Chpt 3 Flashcards
Algorithm
We’ll use machine learning to automatically classify email as either spam or legitimate email as described by Paul Graham. In order to do so, we’ll need to choose an algorithm, or a set of procedures used to solve a mathematical problem, that best fits our situation.
Artificial intelligence (AI)
the ability of a machine to simulate human abilities such as vision, communication, recognition, learning, and decision making in order to achieve a goal.
Automation
Organizations hope to use AI to increase the automation, or the process of making systems operate without human intervention, of mundane tasks typically done by humans.
BI analysis
the process of creating business intelligence. The three fundamental categories of BI analysis are reporting, data mining, and Big Data.
BI application
The software component of a BI system is called a BI application.
Big Data
Is a term used to describe data collections that are characterized by huge volume, rapid velocity, and great variety
BI server
is a Web server application that is purpose-built for the publishing of business intelligence. The Microsoft SQL Server Report manager is the most popular such product today
BI servers provide two major functions: management and delivery.
Business intelligence (BI)
patterns, relationships, trends, and predictions are referred to as business intelligence.

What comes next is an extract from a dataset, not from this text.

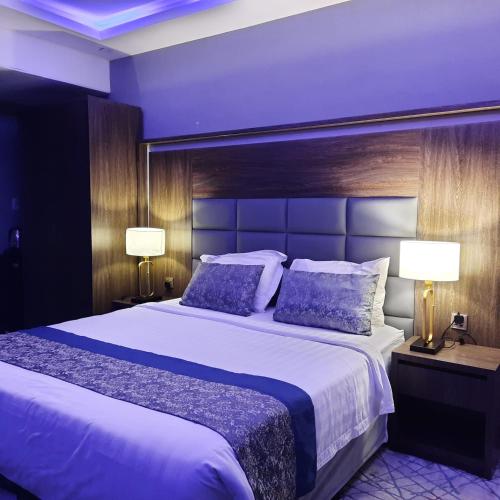 a bedroom with a large bed and two lamps at شقق سوات للشقق المخدومة 2 in Al Khobar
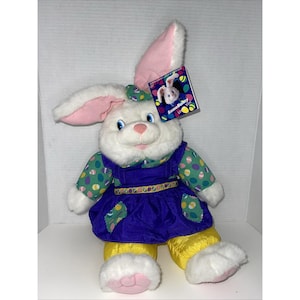 Puede incluir: Una taza de cerámica blanca con un asa negra y el texto "But First, Coffee" en negrita negra. La taza está sobre un fondo borroso. La taza mide aproximadamente 10 cm de altura.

As information systems, BI systems have the five standard components: hardware, software, data, procedures, and people.
Business intelligence systems
are information systems that process operational, social, and other data to identify patterns, relationships, and trends for use by business professionals and other knowledge workers.
Cluster analysis
Unsupervised data mining using statistical techniques to identify groups of entities that have similar characteristics. A common use for cluster analysis is to find groups of similar customers in data about customer orders and customer demographics.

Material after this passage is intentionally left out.